Read (preview) a sumstats file

**Usage**:

```console
$ gwas-ssf read [OPTIONS] FILENAME
```

**Arguments**:

* `FILENAME`: Input sumstats file  [required]

**Options**:

* `-h, --get-header`: Just return the headers of the file  [default: False]
* `--meta-in PATH`: Specify a metadata file to read in, defaulting to <filename>-meta.yaml
* `-M, --get-all-metadata`: Return all metadata  [default: False]
* `-m, --get-metadata TEXT`: Get metadata for the specified fields e.g. `-m genomeAssembly -m isHarmonised
* `--help`: Show this message and exit.


### `gwas-ssf validate`

Validate a sumstats file

**Usage**:

```console
$ gwas-ssf validate [OPTIONS] FILENAME
```

**Arguments**:

* `FILENAME`: Input sumstats file. Must be TSV or CSV and may be gzipped [required]

**Options**:

* `-e, --errors-out`: Output erros to a csv file, <filename>.err.csv.gz
* `-z, --p-zero`: Force p-values of zero to be allowable.

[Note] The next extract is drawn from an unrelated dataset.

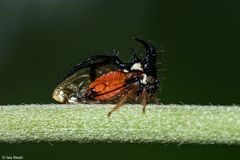 Cyphonia trifida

Takes precedence over inferred value (-i)
* `-n, --p-neg-log`: Force p-values to be validated as -log10. Takes precedence over inferred value (-i)
* `-m, --min-rows`:  Minimum rows acceptable for the file [default: 100000]
* `-i, --infer-from-metadata`: Infer validation options from the metadata file <filename>-meta.yaml. E.g. fields for analysis software and negative log10 p-values affect the data validation behaviour.
* `--help`: Show this message and exit.

### `gwas-ssf format`

Format a sumstats file and creating a new one. Add/edit metadata.

**Usage**:

```console
$ gwas-ssf format [OPTIONS] FILENAME
```

**Arguments**:

* `FILENAME`: Input sumstats file. Must be TSV or CSV and may be gzipped  [required]

**Options**:

* `-o, --ss-out PATH`: Output sumstats file
* `-s, --minimal2standard`: Try to convert a valid, minimally formatted file to the standard format.This assumes the file at least has `p_value`  combined with rsid in `variant_id` field or `chromosome` and `base_pair_location`. Validity of the new file is not guaranteed because mandatory data could be missing from the original file.  [default: False]
* `-m, --generate-metadata`: Create the metadata file  [default: False]
* `--meta-out PATH`: Specify the metadata output file
* `--meta-in PATH`: Specify a metadata file to read in
* `-e, --meta-edit`: Enable metadata edit mode. Then provide params to edit in the `--<FIELD>=<VALUE>` format e.g. `--GWASID=GCST123456` to edit/add that value  [default: False]
* `-g, --meta-gwas`: Populate metadata from GWAS Catalog  [default: False]
* `-c, --custom-header-map`: Provide a custom header mapping using the `--<FROM>:<TO>` format e.g. `--chr:chromosome`  [default: False]
* `--help`: Show this message and exit.